The Roadrunner supercomputer at Los Alamos National Laboratories, the first to break the petaflop processing barrier.

The Roadrunner supercomputer at Los Alamos National Laboratories, the first to break the petaflop processing barrier.

LANL's Roadrunner system eclipsed the petaflop barrier, as was announced last week (it's hard for these government laboratories to keep secrets nowadays). The Rmax score for Roadrunner was 1,026,000 GFlops (over a million, billion operations). And with an Rpeak score of 1,375,780, that means the new system was cruising along at a comfortable 75% yield.

BlueGene/L, we learned this morning, never turned in a faster score than Lawrence Livermore Labs posted last November, so it stays #2 with an Rmax of 478,200. And while BlueGene/L has 212,992 processors, Roadrunner gets away with just 122,400. That substance those UC engineers are noticing for the first time this morning, is dust.

Though Roadrunner is a hybrid, Mannheim U. officially classifies it as a Power processor-based system, probably because it's built by IBM. This season, Power CPUs including PowerPC and Cell processors powered 68 of the Top 500, and five of the top 10 including #1, #2, #3, #6, and #9. IBM's BlueGene supercomputer architecture still holds 7 of the top 20 slots, though Roadrunner is not a BlueGene -- it's based instead on a new schematic of BladeCenter clusters.

There are two other CPU manufacturers in the world besides IBM, in case you've forgotten. Last November, Intel captured 354 slots in the Top 500; this season, Intel is still surging ahead with 375. An incredible 356 of those use 64-bit x86 architecture CPUs (EM64T), with 64-bit Itaniums (IA-64) dwindling down to just 16, and 32-bit Itaniums down to 3.

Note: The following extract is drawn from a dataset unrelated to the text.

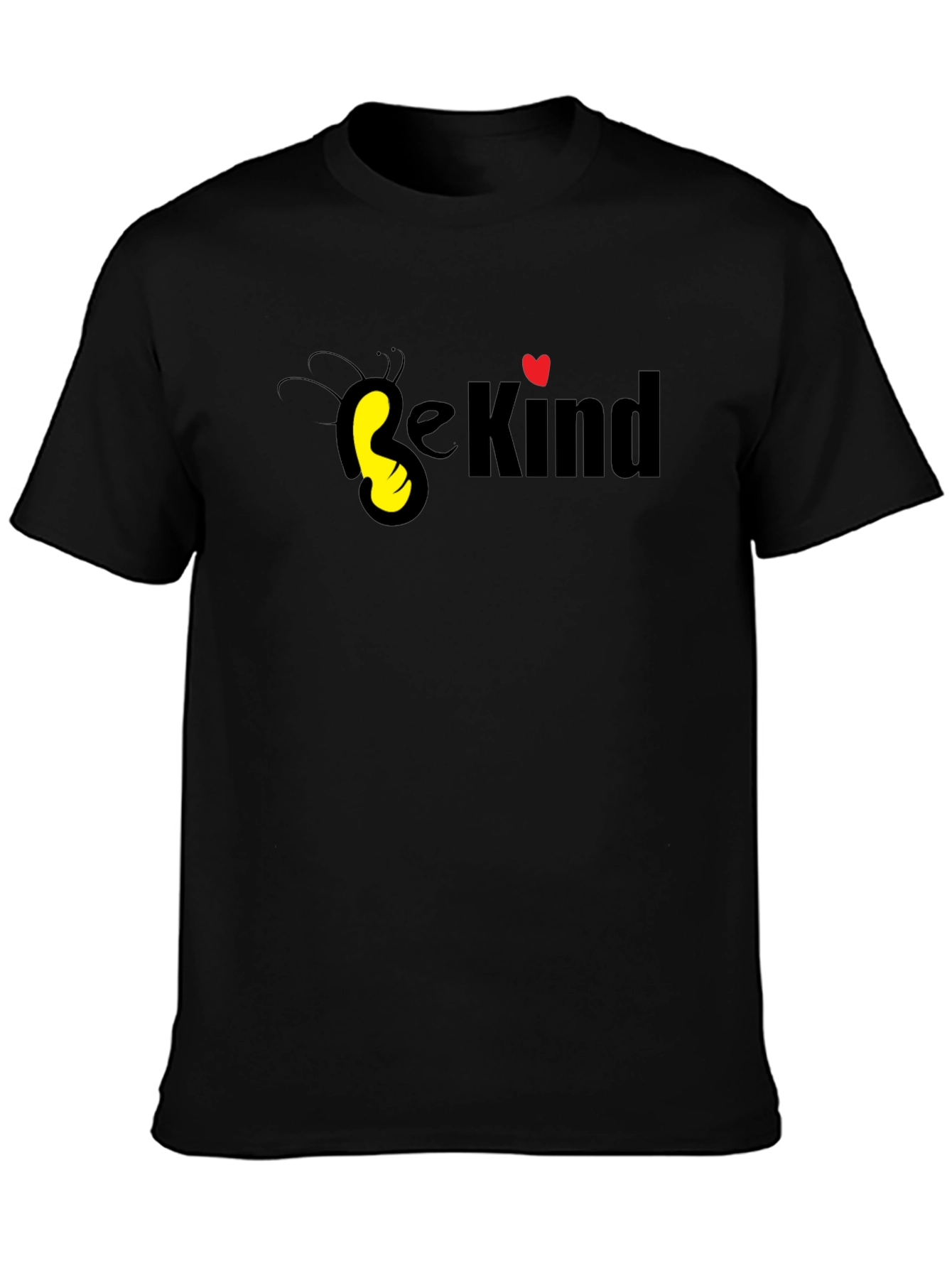 Be Kind T-Shirt - Soft Cotton Blend Casual Tee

Intel's fastest performer this season slipped down several notches, though, to #7. It was last November's #3 performer, an Altix ICE 8200 cluster built for the New Mexico Computing Applications Center (what is it these days with New Mexico?), and it even sped up somewhat with an Rmax of 133,200. But only six Intel-based systems cracked the top 25 slots this time around.

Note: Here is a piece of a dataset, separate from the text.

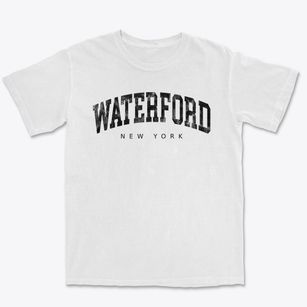 Waterford New York Urban Vibe Premium Heavyweight T-shirt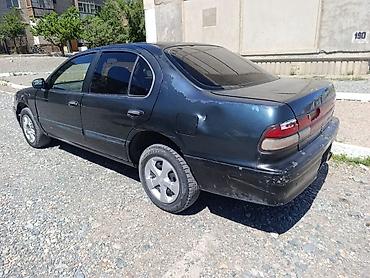 освещение салона: Nissan Cefiro: 1995 г., Седан — 2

What's left for AMD? Well, it's claiming at least partial share of this season's crown, with AMD Opterons populating roughly half of Roadrunner (the precise Cell-to-Opteron split hasn't been nailed down publicly). As far as systems populated entirely by Opterons, AMD can claim the #4 slot: that SunBlade x6420 cluster built for the Texas Advanced Computing Center using quad-core Opterons, that Sun had hoped would finally put away IBM, beating it to the petaflop barrier.

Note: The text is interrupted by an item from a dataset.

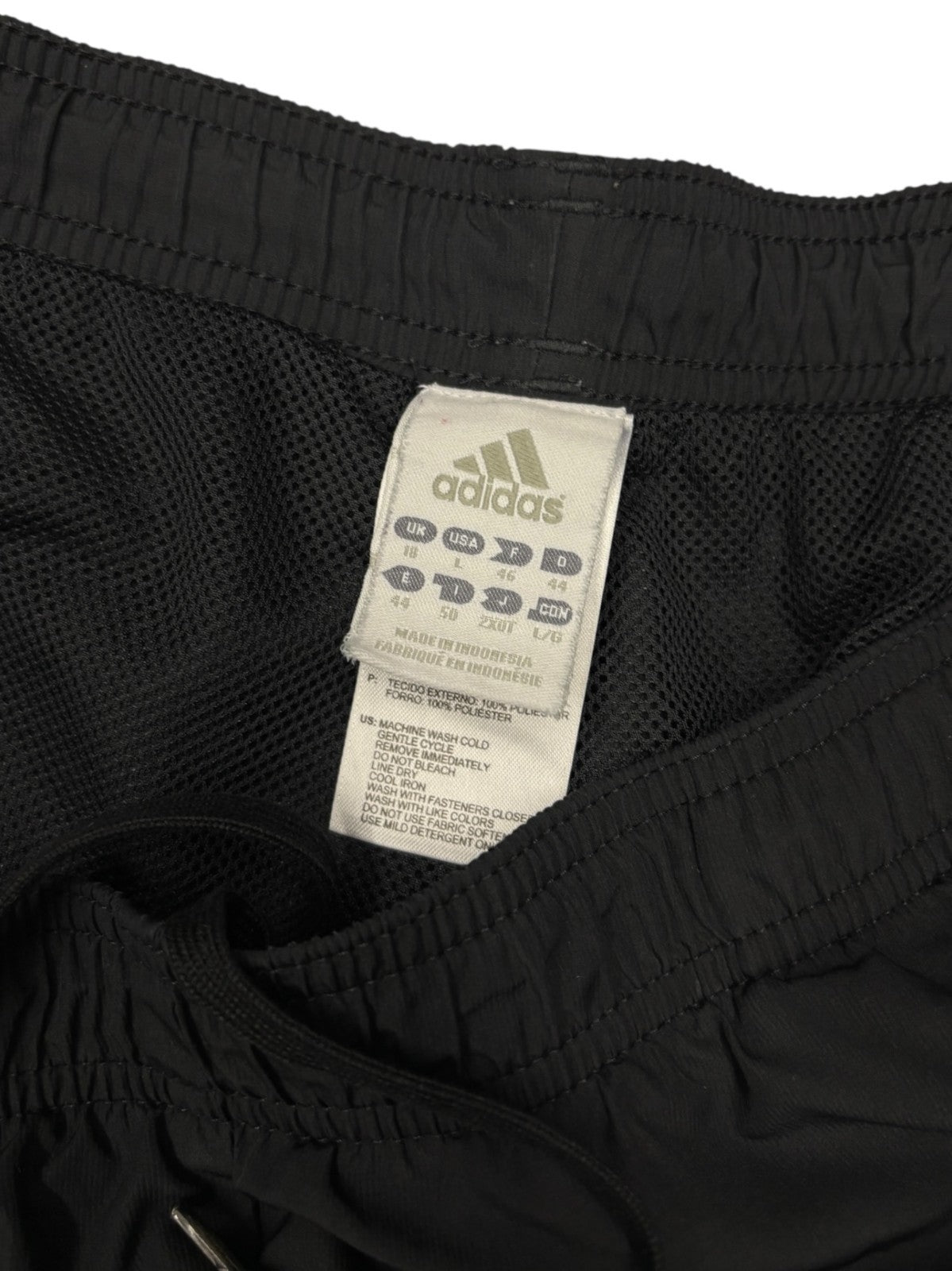 1990s Vintage Adidas Track Capri Pants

But how bad was the damage? That SunBlade cluster barely made 326,000, at about 65% yield. If its architects really thought it could go faster, that yield number would have been much lower. The news gets worse for AMD, which slipped from 113 systems on the list to a measly 55. Yes, there are now more Power-powered systems on the list than Opteron-powered.

What's everybody running software-wise these days? That is also becoming a non-contest, as Linux has pervaded 458 of the Top 500 systems. Microsoft had wanted to make a splash at this year's supercomputer conference this week, but that's going to be a little hard with only 5 systems on the big list. The fastest Windows-powered computer this time around was indeed faster, and a little bigger: Coming in at #20, it's a Dell PowerEdge 1955 cluster built for the NCSA. With 9,600 processors, its score was 68,480, which only illustrates the orders of magnitude difference between the bottom of the top 20 and the top.

And there's always someone who wants to know, what's the fastest Mac on the list? There were two this time, the fastest being that XServe cluster built for COLSA, though it hasn't gotten any faster than November, and this season slipped down to #141.